C’est ce qu’on nomme communément le “Brand Heritage Management”, concept qui crée aujourd’hui des emplois nouveaux dans l’univers de la Haute Couture. Car comme il en est question dans l’ouvrage Le luxe oblige, “les marques les plus dynamiques ont entre autres un élément historique patrimonial : une Histoire vraie, authentique, qui leur donne avec du recul, de l’épaisseur, de la consistance en interne comme aux yeux des clients”. L’Histoire est donc le ciment d’une marque, elle fédère les employés et rassure les clients. C’est également une source d’inspiration non négligeable, notamment en communication. Et cela, la marque l’a très bien compris. Sous la direction de Lagerfeld elle use et abuse des références historiques, quitte à faire croire que Gabrielle Chanel adorait les bijoux, elle qui a certes décomplexé leur approche mais n’a que peu donné dans l’art de la joaillerie.
Ce retour aux sources assumé de la maison Chanel est d’autant plus paradoxal que sa fondatrice était connue pour son silence quant à son passé, pas toujours glorieux. Jamais Gabrielle Chanel n’avait prononcé le nom d’Aubazine, couvent où son père l’avait abandonnée, qui est devenu un des éléments clef du “mythe Chanel”. Mythomane Coco ? La question se pose. Durant toute sa vie elle n’a jamais cessé de camoufler ce passé de pauvresse puis d’irrégulière (équivalent de prostituée de luxe) pour ne voir que l’avenir. C’est elle qui a réduit ses frères au silence en leur versant une généreuse pension et c’est encore elle qui, quand vous lui parliez de sa ville natale faisait semblant de ne pas comprendre la question.
Ne vous êtes-vous jamais demandé pourquoi il n’y avait pas d’Avenue Coco Chanel ? C’est parce que Gabrielle Chanel fut aussi cette femme qui fut arrêtée en 1945 par les milices de l’épuration. Sans l’intervention inopinée de Churchill, elle aurait fini tondue. Pourquoi ? Car si la maison Chanel revient à outrance sur le passé de Gabrielle, elle passe sous silence ses aspects les plus sombres. Gabrielle Chanel c’est aussi la femme qui a fréquenté un nazi pendant la Seconde Guerre mondiale et qui, en invoquant les lois aryennes, a tenté de récupérer une partie de son entreprise que possédaient des actionnaires juifs.
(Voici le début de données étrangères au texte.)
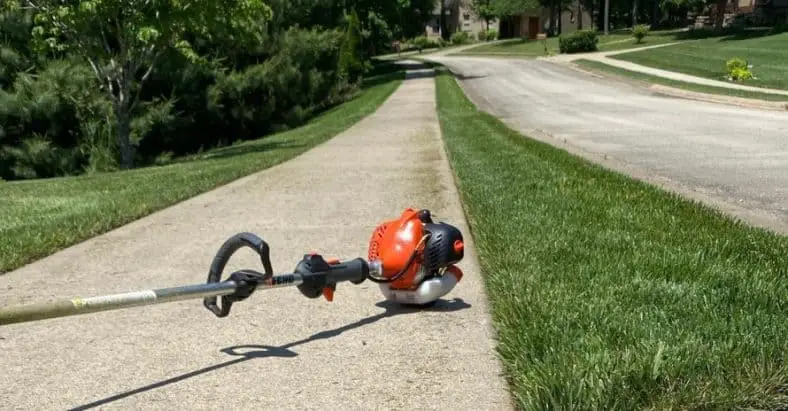 How To Edge A Lawn With A String Trimmer: The Basics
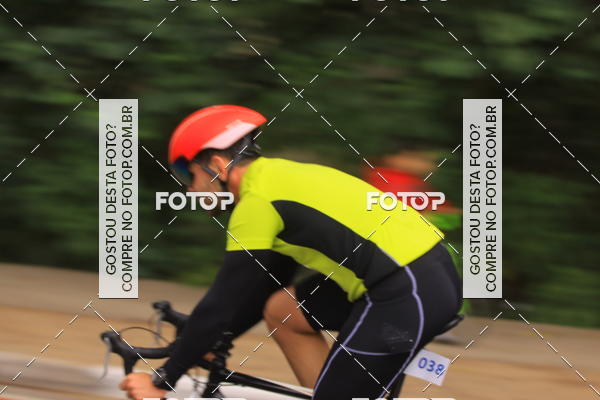 Buy your photos of the eventVSERIES Duathlon & Running on Fotop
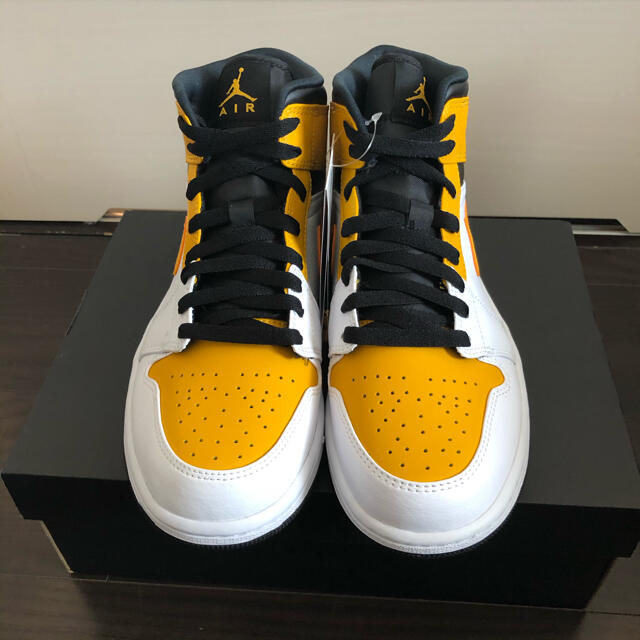 NIKE(ナイキ)のNIKE AIR JORDAN1 MID university gold メンズの靴/シューズ(スニーカー)の商品写真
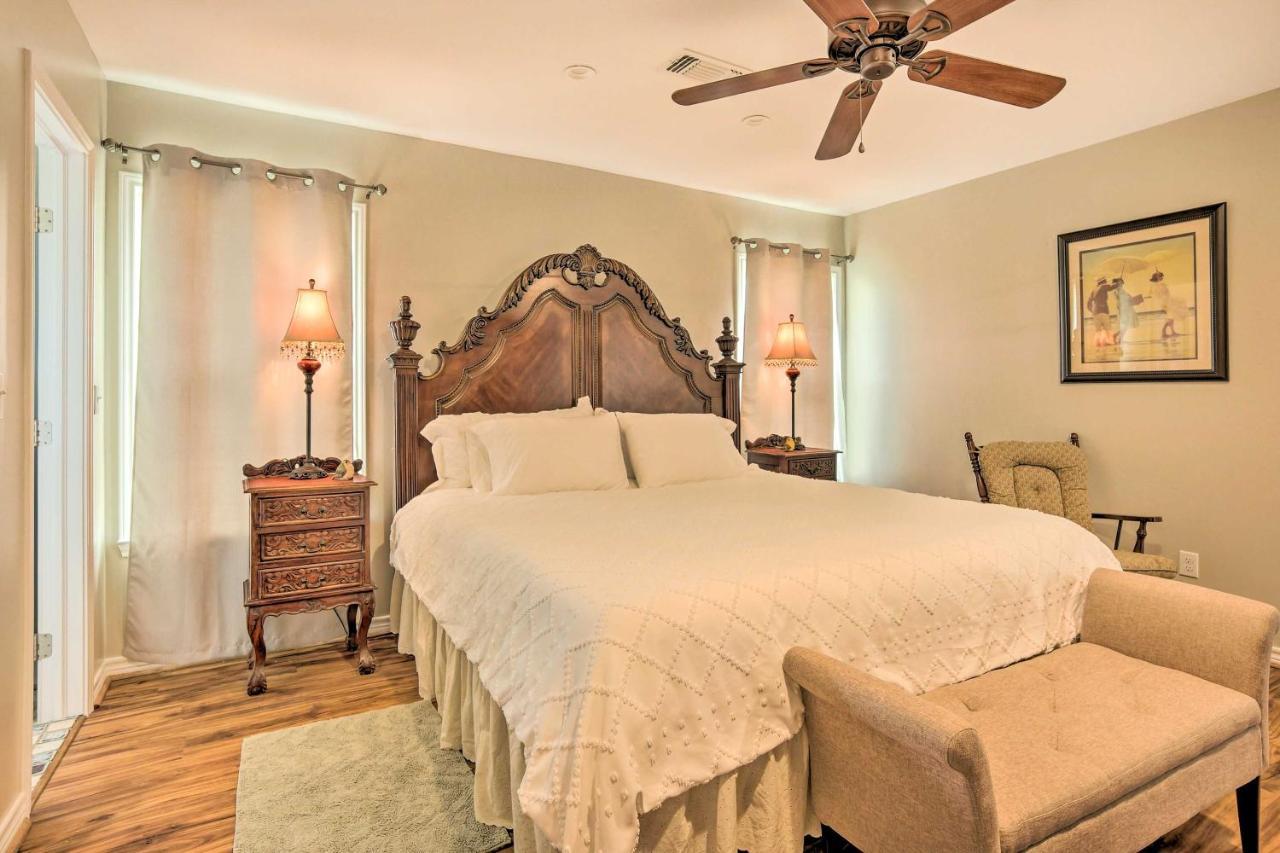 The Gathering Place Brenham Home On 6 Acres Eksteriør billede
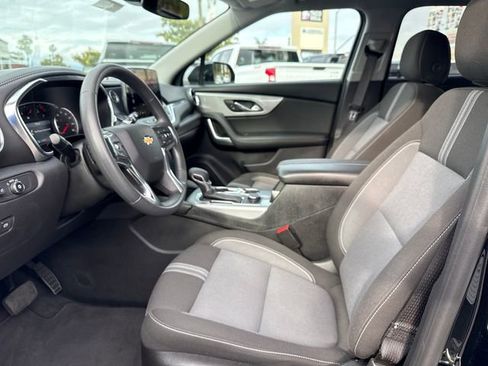 Used 2025 Chevrolet Blazer LT AWD/4WD image 9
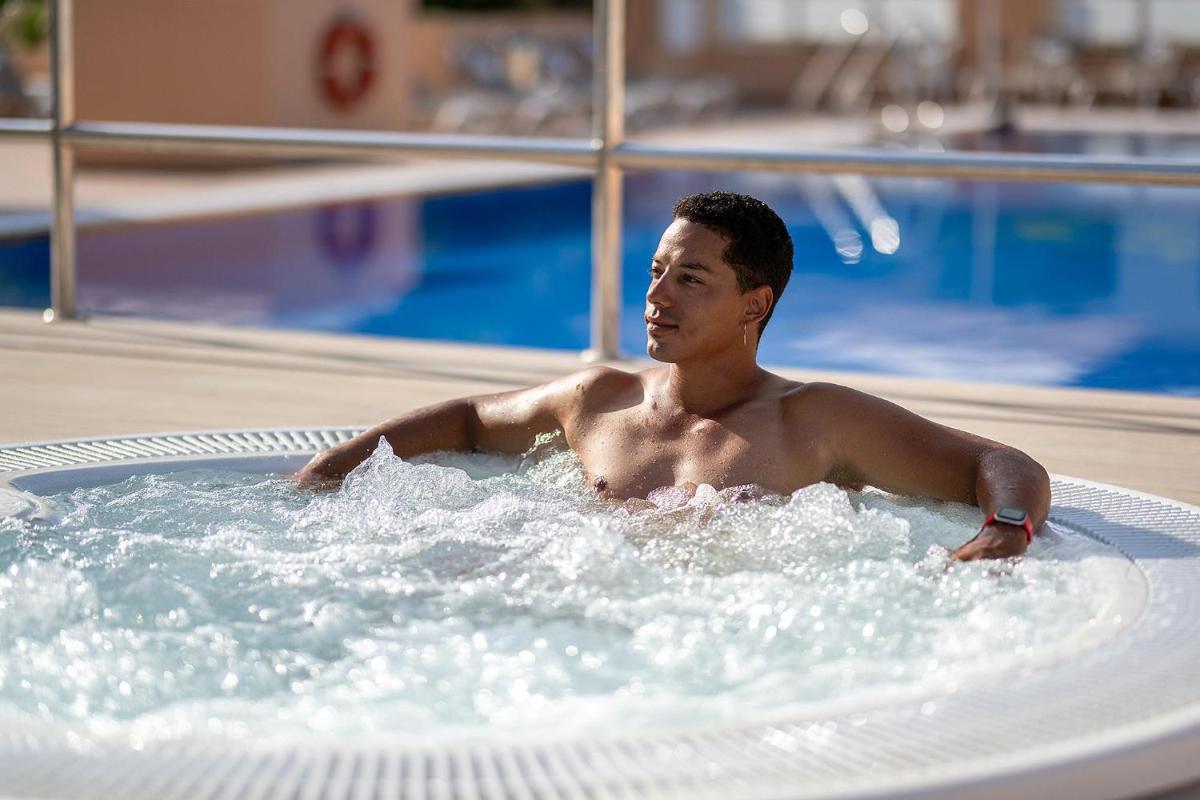 Clientes alojados en Poseidon La Manga Hotel & Spa - Designed for Adults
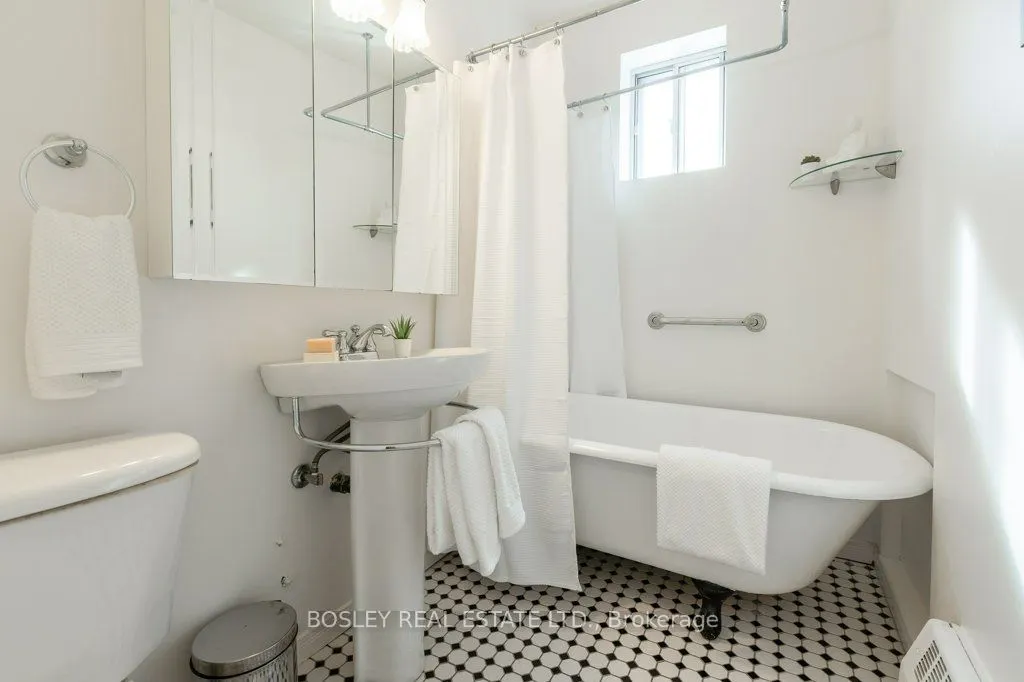 2693 Lakeshore Boulevard W #1
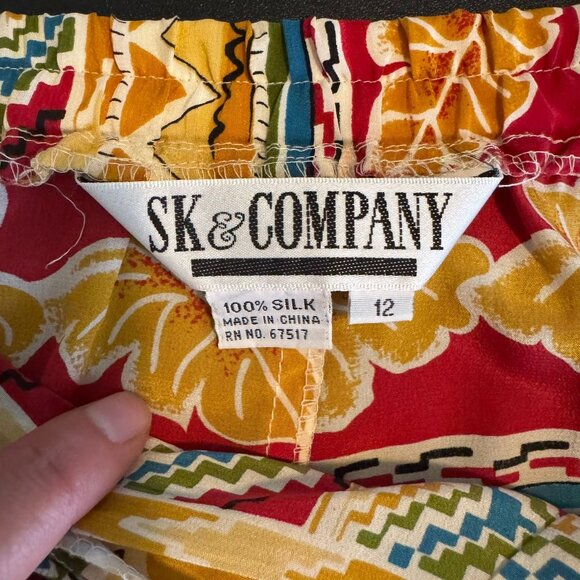 Vintage 90s 100% Silk Red Bold Printed Faux-Wrap Skirt, Pleated, Size 12 - Picture 5 of 9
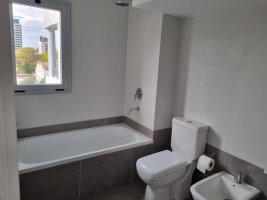 Alquiler Olivos dpto Loft 2 amb balcón cochera.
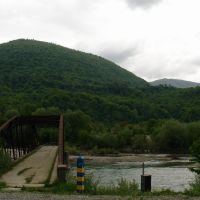 Blasted bridge to Romania through to Tisa river, Тячев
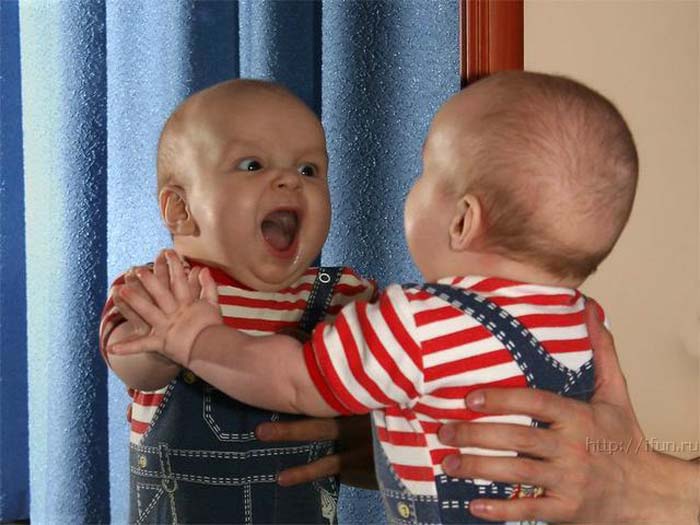 گریه کودک را با آینه متوقف کنید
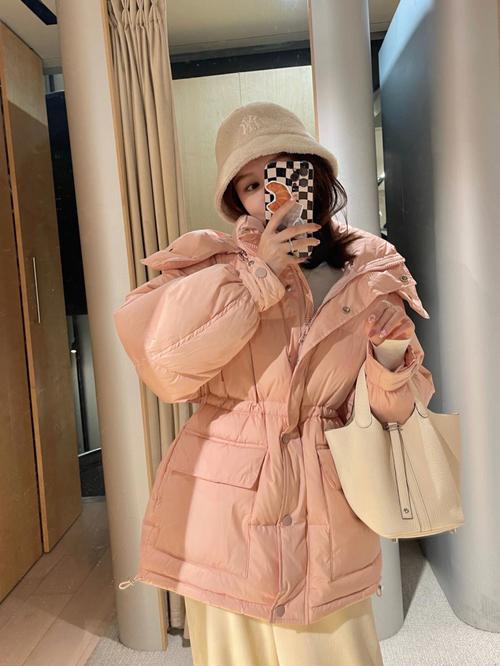 宽松的粉色羽绒服怎么搭配什么裤子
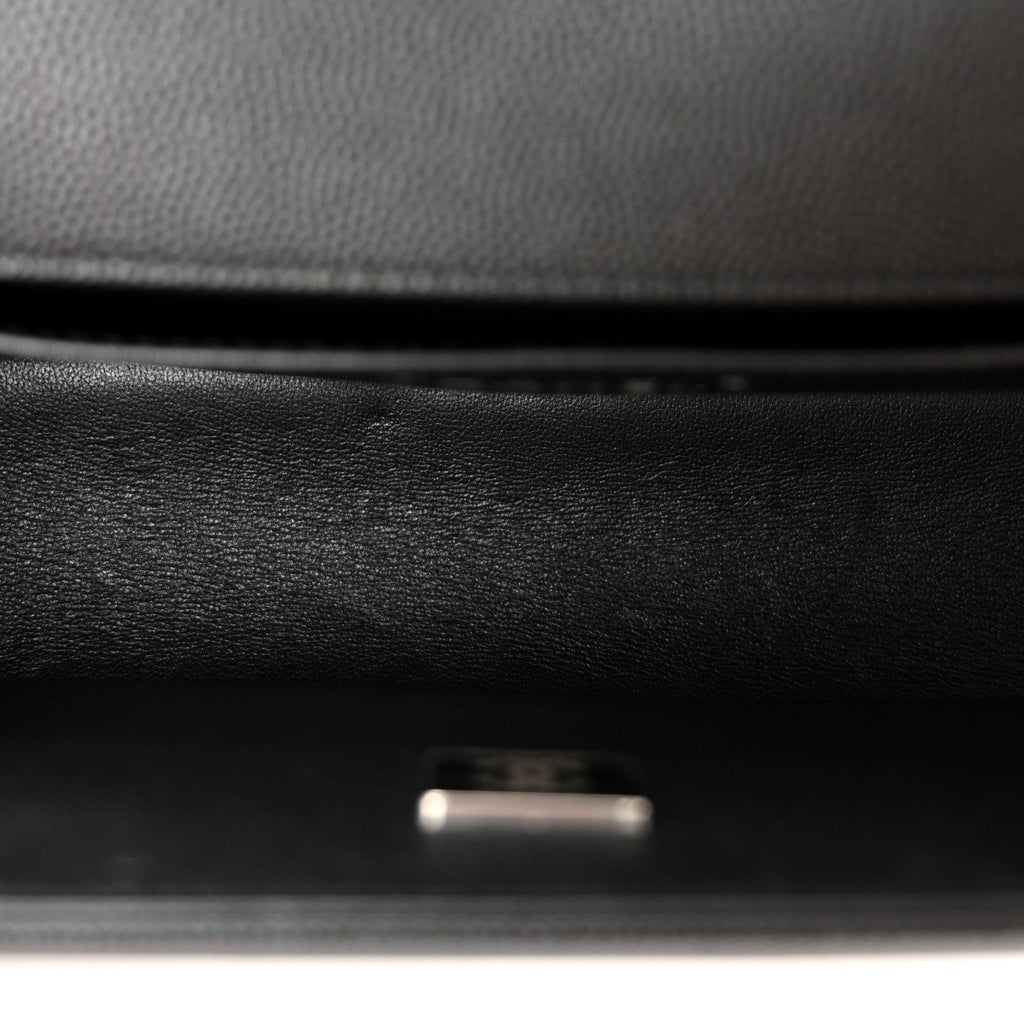 Caviar Quilted Medium Boy Flap Black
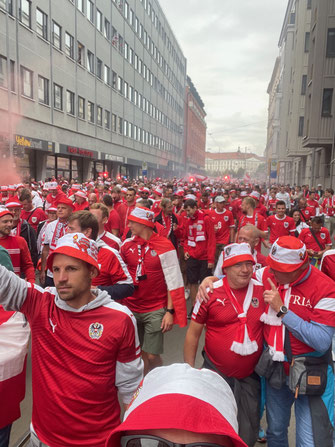 Durch die Stadt zogen die österreichischen Fans zum Stadion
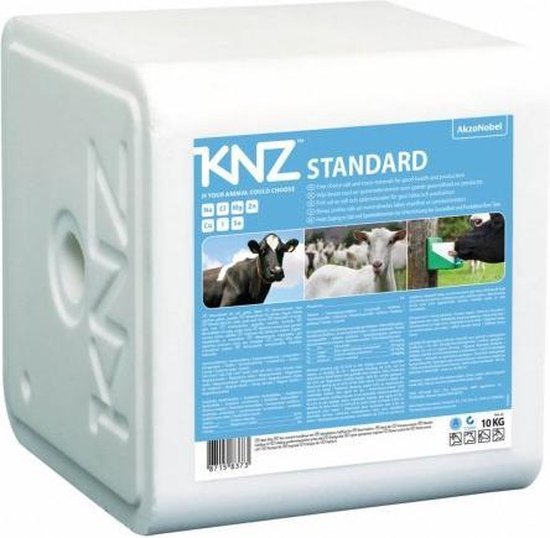 Witte liksteen van 10 kg met KNZ STANDARD logo. Afbeeldingen van koeien en geiten. AkzoNobel op de verpakking.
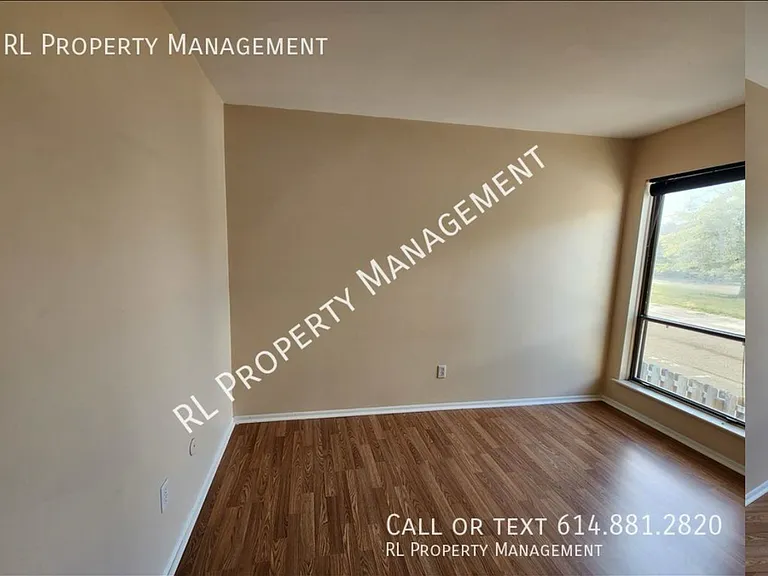1055 Merrimar Cir N #E — Photo 11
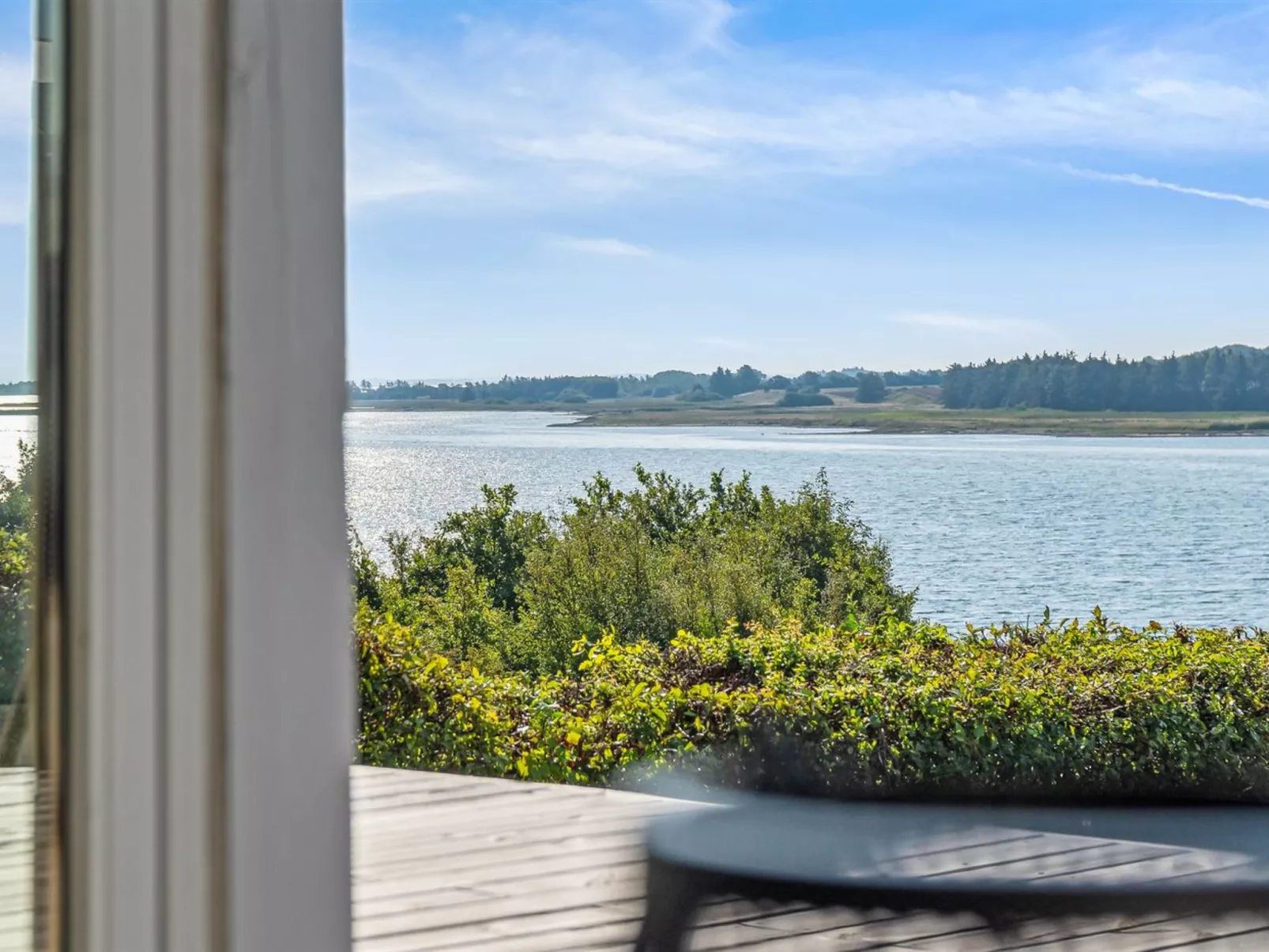 "Peetu" - 200m to the fjord-Buiten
Après la guerre, elle ferma sa maison et ne la ré-ouvra que 15 ans plus tard. La presse française lui fit un accueil glacé, jugeant sa collection ennuyeuse et lui préférant les nouveaux couturiers prodiges comme Saint Laurent, contrairement aux Etats-Unis ou ses robes s’arrachèrent. Mais elle réalisa la prouesse de convaincre une nouvelle fois le monde entier et en quelques années, son nom était de nouveau symbole de l’élégance à la française.
Chanel et Hans Günther von Dincklage, son amant, espion nazi
Une fois la lumière faite sur une partie de son passé, une question reste. Est-il vraiment nécessaire de tout connaître de cette couturière si ce n’est qu’elle a réussi l’impossible en devenant une femme d’affaire puissante alors que tout la destinait à la misère ? Faut-il dissocier la personne du personnage ? Personnellement, je serais tentée de faire la part des choses. A titre de comparaison je pense à Céline, écrivain génial dont l’oeuvre est admirée et étudiée mais aussi antisémite notoire dont la personnalité est méprisée. Mais voilà, en s’inspirant sans cesse de son vécu, Gabrielle Chanel a tissé malgré elle un lien très fort entre son histoire personnelle et ses créations. Lien que la marque continue d’entretenir aujourd’hui et qui lui donne, aux yeux du grand public, une innocence et une pureté.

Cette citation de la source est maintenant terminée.